§ Exercise brief: Going from the top of the listing below to the line that holds "empty room with", reproduce each line exactly; no pictures.

§ Exercise input:
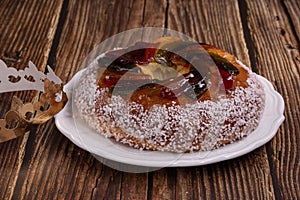 Rosca de reyes, king cake, glazed fruit, Provencal Galette des rois on a wooden table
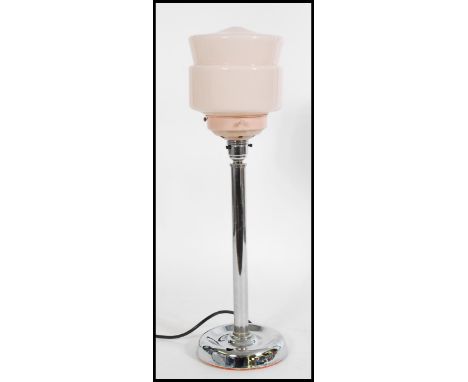 A vintage retro 20th century Art Deco table lamp raised on a circular base with tubular column and pink glass conical and ban
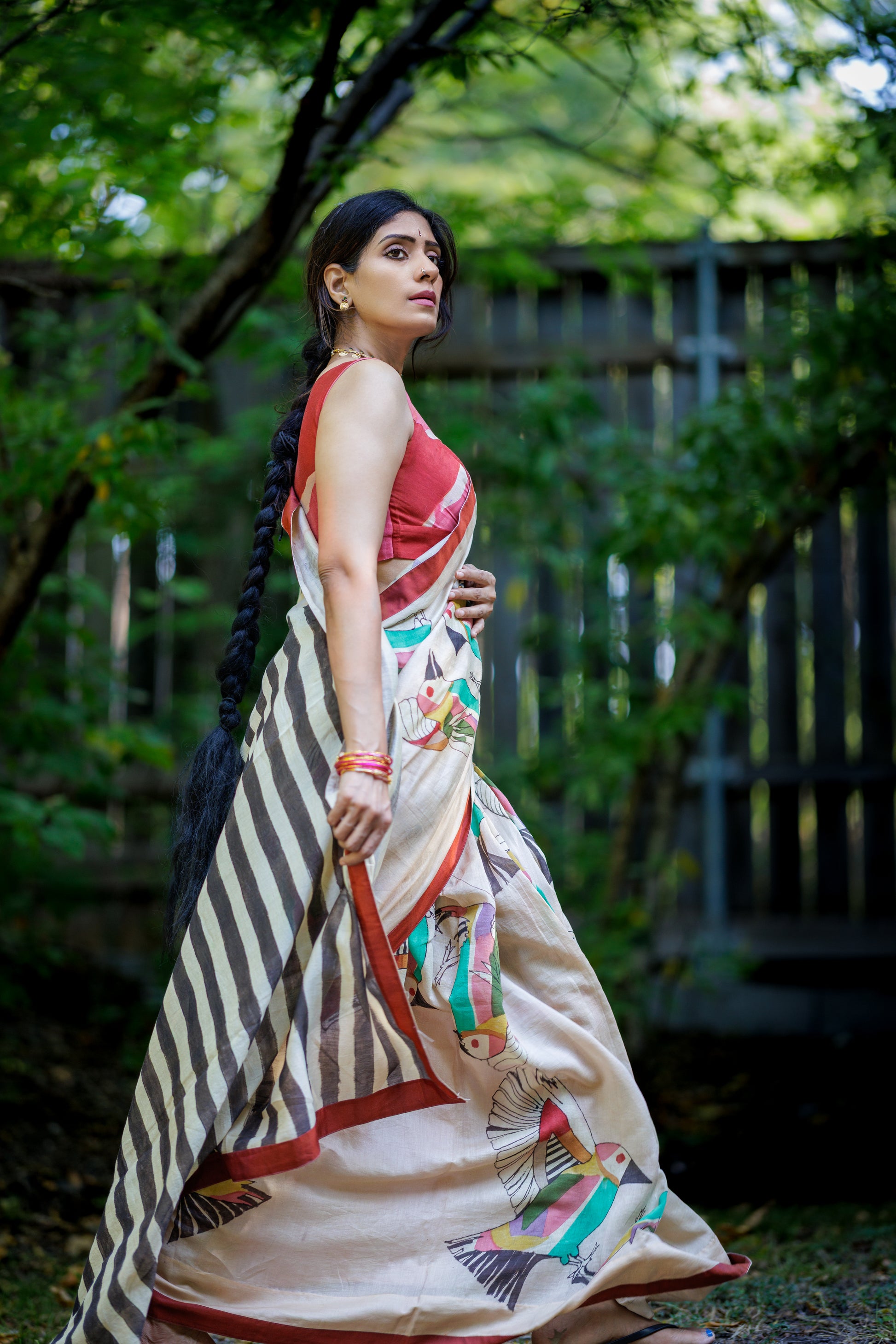 A woman wearing a traditional Indian saree stands outdoors in a garden setting. The saree has a beige base with black stripes on one side, a red sleeveless blouse, and colorful printed motifs near the hem.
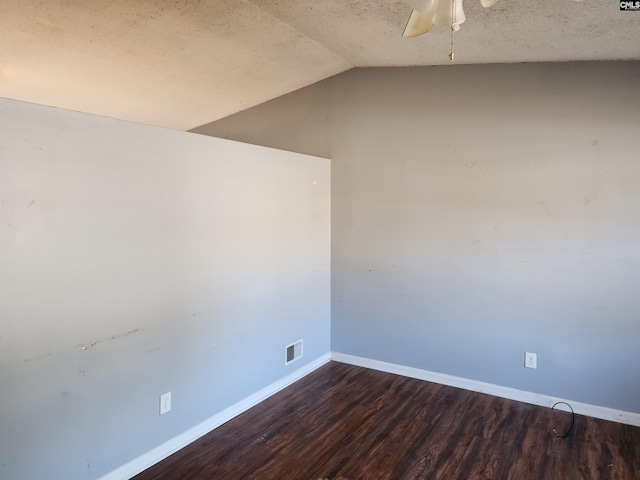 empty room with lofted ceiling, a textured ceiling, dark hardwood / wood-style floors, and ceiling fan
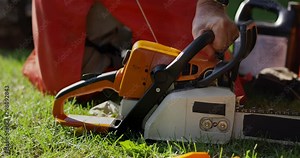 Man pull starts a chainsaw on grass - close up on pull cord being pulled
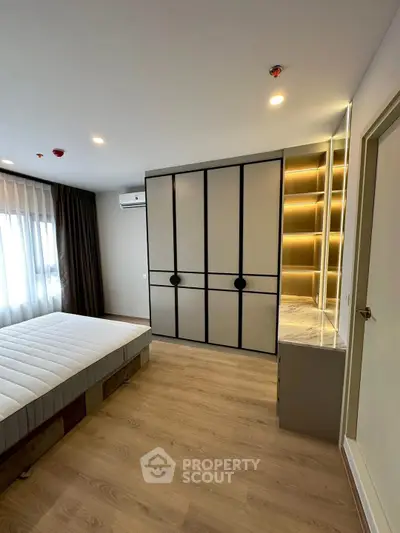 Modern bedroom with sleek wardrobe and natural light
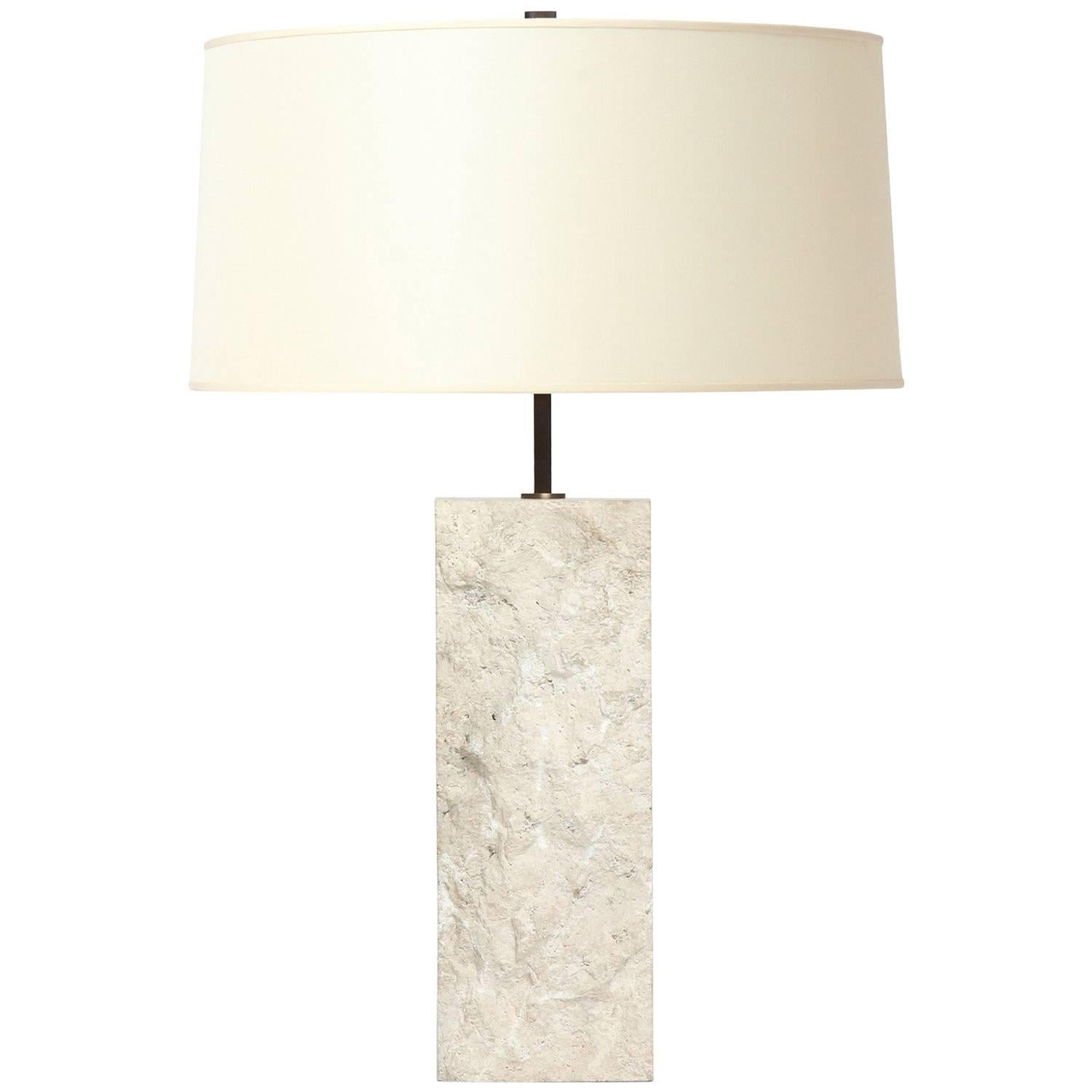 Une lampe de table rectangulaire substantielle en calcaire blanc massif avec une surface ciselée texturée.
Le corps de la lampe mesure 15.75
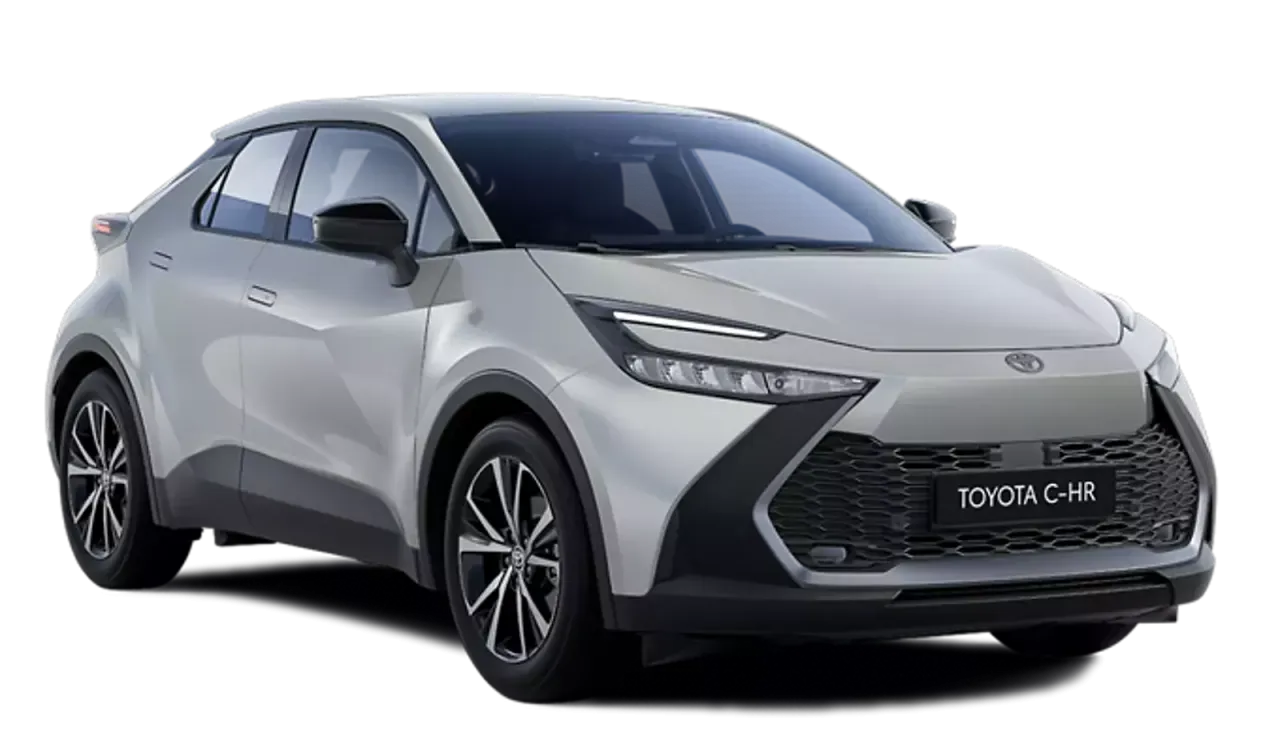 Nowoczesna Toyota C-HR w kolorze srebrnym. Zastanawiasz się, ile kosztuje Toyota hybryda? Ten model to świetny wyb&oacute;r.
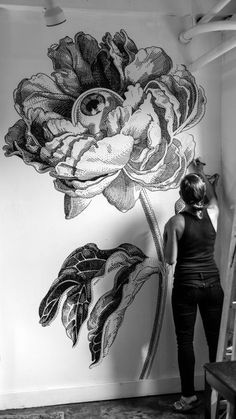 a woman standing in front of a wall with flowers painted on the side and behind her is a black and white photo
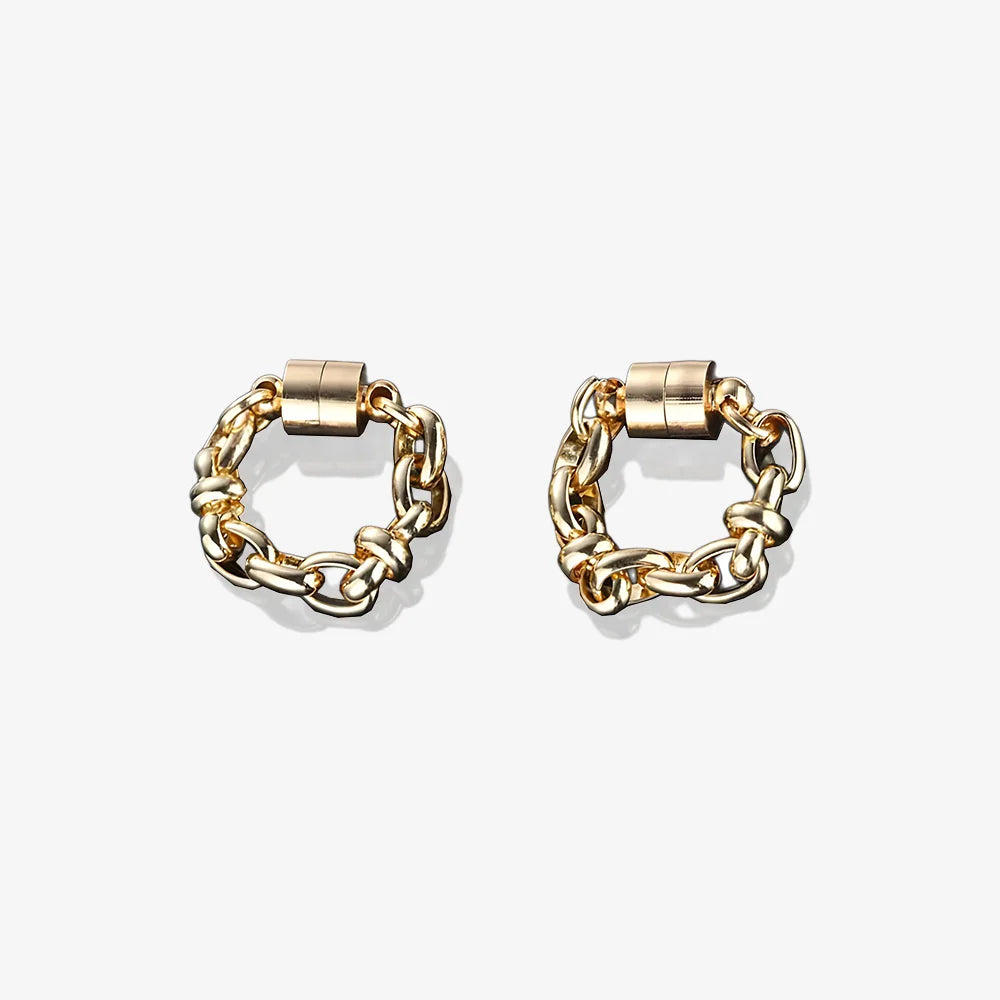 A pair of gold magnetic hoop earrings made from titanium steel.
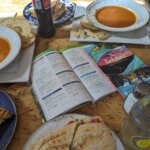 Table filled with sandwiches and soups for lunch, surrounding the Official Guide to the Berkshires book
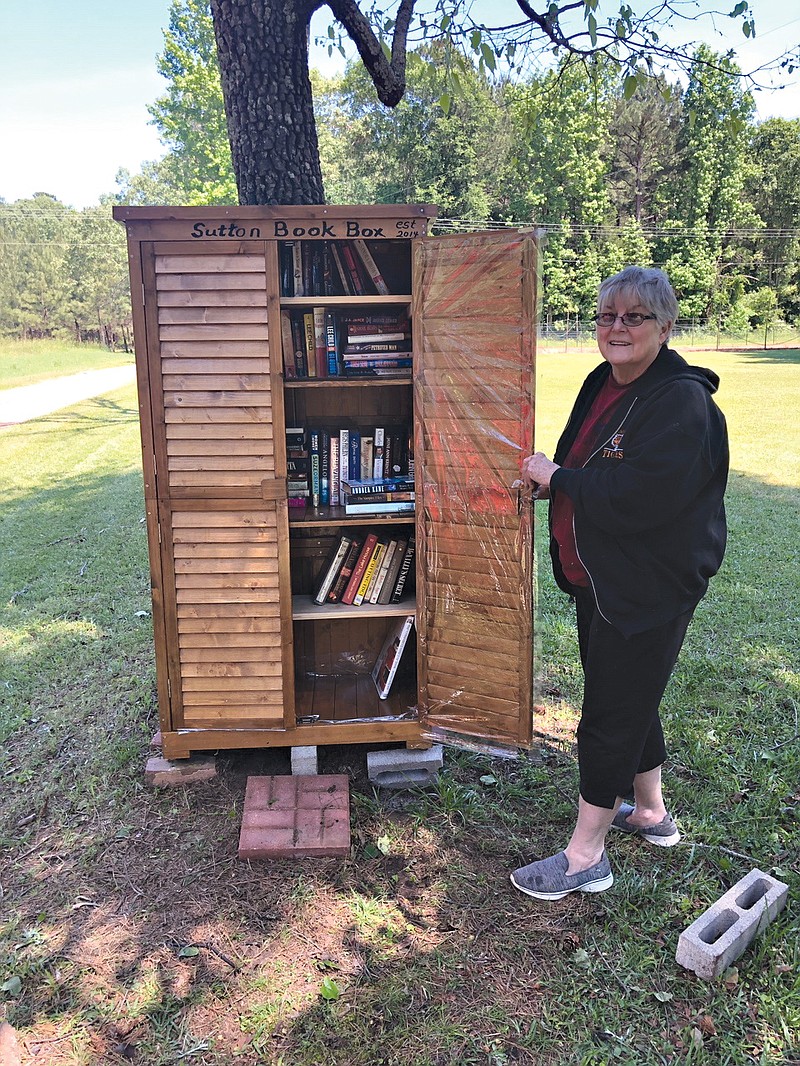 Bobbie Smith stands by a large, weatherproof small library she helped set up on a Nevada Country road.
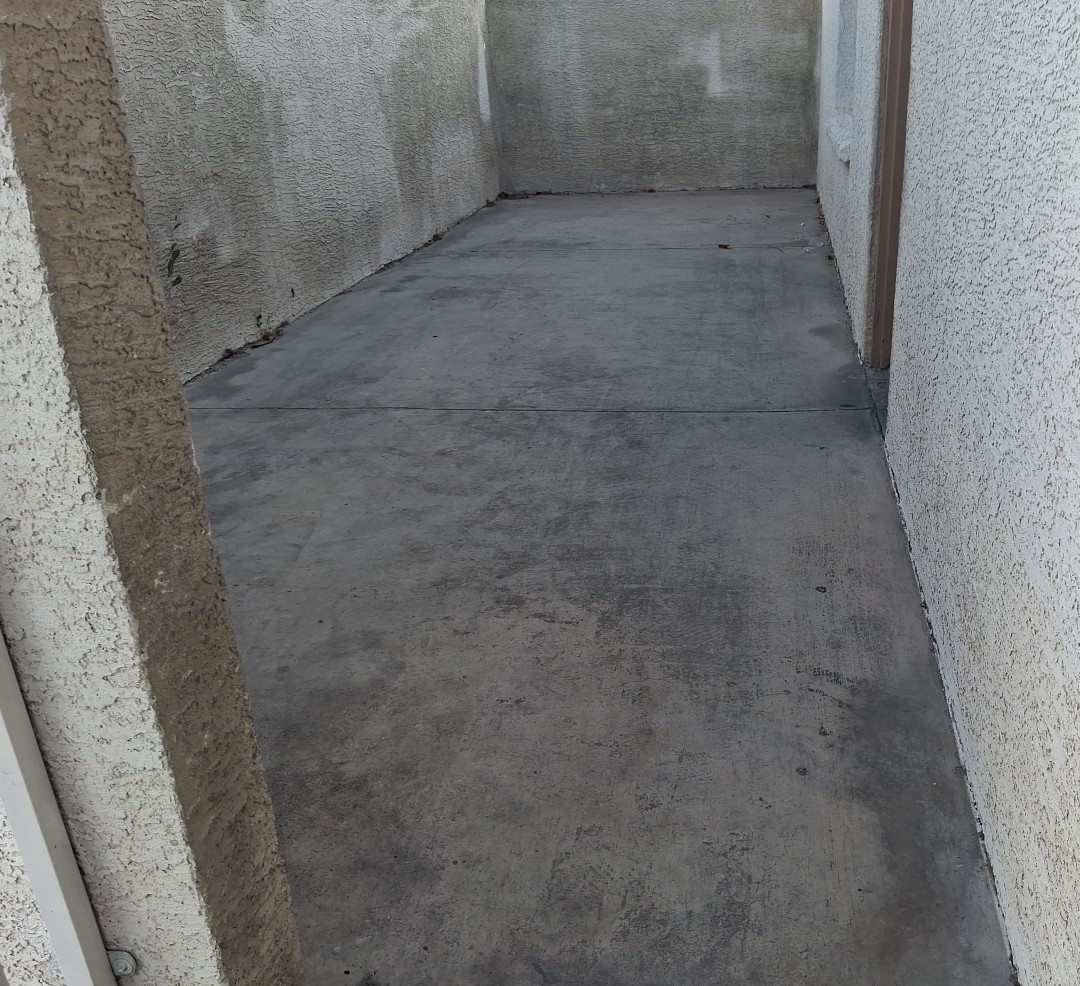 Greasy dumpster pad before cleaning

§ Solution to the problem:
 Rosca de reyes, king cake, glazed fruit, Provencal Galette des rois on a wooden table
 A vintage retro 20th century Art Deco table lamp raised on a circular base with tubular column and pink glass conical and ban
 A woman wearing a traditional Indian saree stands outdoors in a garden setting. The saree has a beige base with black stripes on one side, a red sleeveless blouse, and colorful printed motifs near the hem.
 empty room with lofted ceiling, a textured ceiling, dark hardwood / wood-style floors, and ceiling fan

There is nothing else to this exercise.